EMBO J. 1993 Dec;12(12):4739-46. doi: 10.1002/j.1460-2075.1993.tb06162.x.
We found that simian virus 40 (SV40), in addition to the SV40 early proteins large T antigen (large T) and small antigen (small t), codes for a third early protein with a molecular weight of 17 kDa. This protein (17kT) is expressed from an alternatively spliced third SV40 early mRNA, using a splice donor site at position 4425 and a splice acceptor site at position 3679 of the SV40 genome. The 17kT protein consists of 135 amino acids. Of these, 131 correspond to the amino-terminus of large T, while the four carboxy-terminal amino acids are unique and encoded by a different reading frame. 17kT mRNA, and the corresponding protein, were found in all SV40 transformed cells analyzed, as well as in SV40 infected cells. Transfection of a cDNA expression vector encoding the 17kT protein into rat F111 fibroblasts induced phenotypic transformation of these cells. The expression of the transforming amino-terminal domain of large T as an independent 17kT protein might provide a means for individually regulating the various functions associated with this domain.
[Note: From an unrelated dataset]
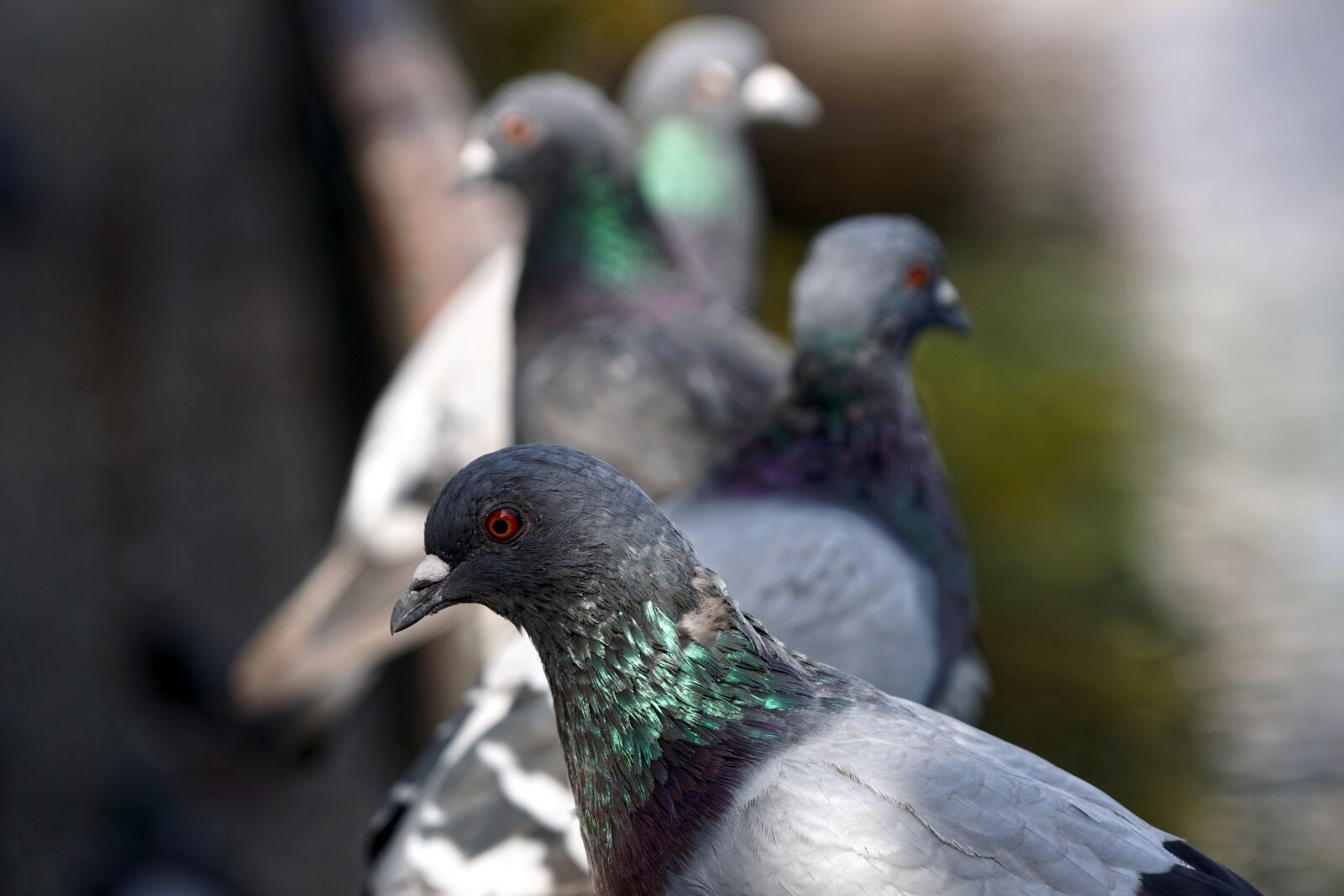 Sony ILCA-77M2 + Sony DT 18-135mm F3.5-5.6 SAM sample photo. Pigeons, birds, feather photography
我们发现,猿猴病毒40(SV40)除了编码SV40早期蛋白大T抗原(大T)和小抗原(小t)外,还编码一种分子量为17 kDa的第三种早期蛋白。这种蛋白(17kT)由一个选择性剪接的第三种SV40早期mRNA表达,使用SV40基因组中第4425位的剪接供体位点和第3679位的剪接受体位点。17kT蛋白由135个氨基酸组成。其中,131个氨基酸对应大T的氨基末端,而四个羧基末端氨基酸是独特的,由不同的阅读框编码。在所有分析的SV40转化细胞以及SV40感染细胞中都发现了17kT mRNA和相应的蛋白。将编码17kT蛋白的cDNA表达载体转染到大鼠F111成纤维细胞中可诱导这些细胞发生表型转化。将大T的转化性氨基末端结构域作为独立的17kT蛋白表达可能为单独调节与该结构域相关的各种功能提供一种手段。